Contudo, os dias foram passando, e ao contrário do que se esperava, ela estava cada dia mais serena, mais tranquila e mais apaixonada pela própria companhia. E a realidade veio à tona, a “ficha caiu”. Ela se deu conta de que vivia uma solidão a dois. Ela já era sozinha, ela não tinha uma companhia efetiva, tampouco afetiva. Ela apenas dividia a cama com um corpo masculino, que deitava ao seu lado, dormia e levantava todas as manhãs apressadamente, sem ao menos dar-lhe “bom dia”. Ah, não era um corpo qualquer com o qual dividia a cama, era um corpo que negava abraços e afagos àquela mulher ávida por carinhos e toques.
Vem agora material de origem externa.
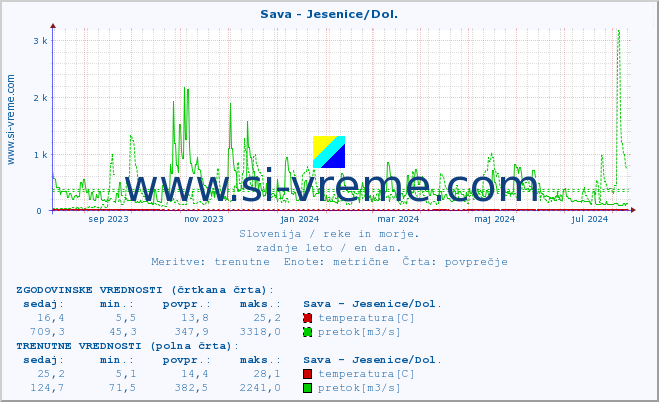 POVPREČJE :: Sava - Jesenice/Dol. :: temperatura | pretok | višina :: zadnje leto / en dan.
Era uma companhia cujos ouvidos nunca estiveram interessados em ouvir os desabafos, as risadas, tampouco o choro dela. Honestamente, acho que o que eles tinham em comum eram apenas os nomes na certidão de casamento, o famoso casamento de “papel passado”. Ela sentia falta de um casamento de almas, ela sonhou com isso desde a adolescência. Ela queria uma união onde fosse possível aquela comunicação apenas pela troca de olhares. Ela desejava abraços que lhe envolvessem a alma, pois abraçar o corpo qualquer um consegue.
Ela queria ser admirada além dos seus atributos físicos, ela queria alguém que olhasse a beleza que ela traz na essência mesmo naqueles dias em que ela foge do espelho.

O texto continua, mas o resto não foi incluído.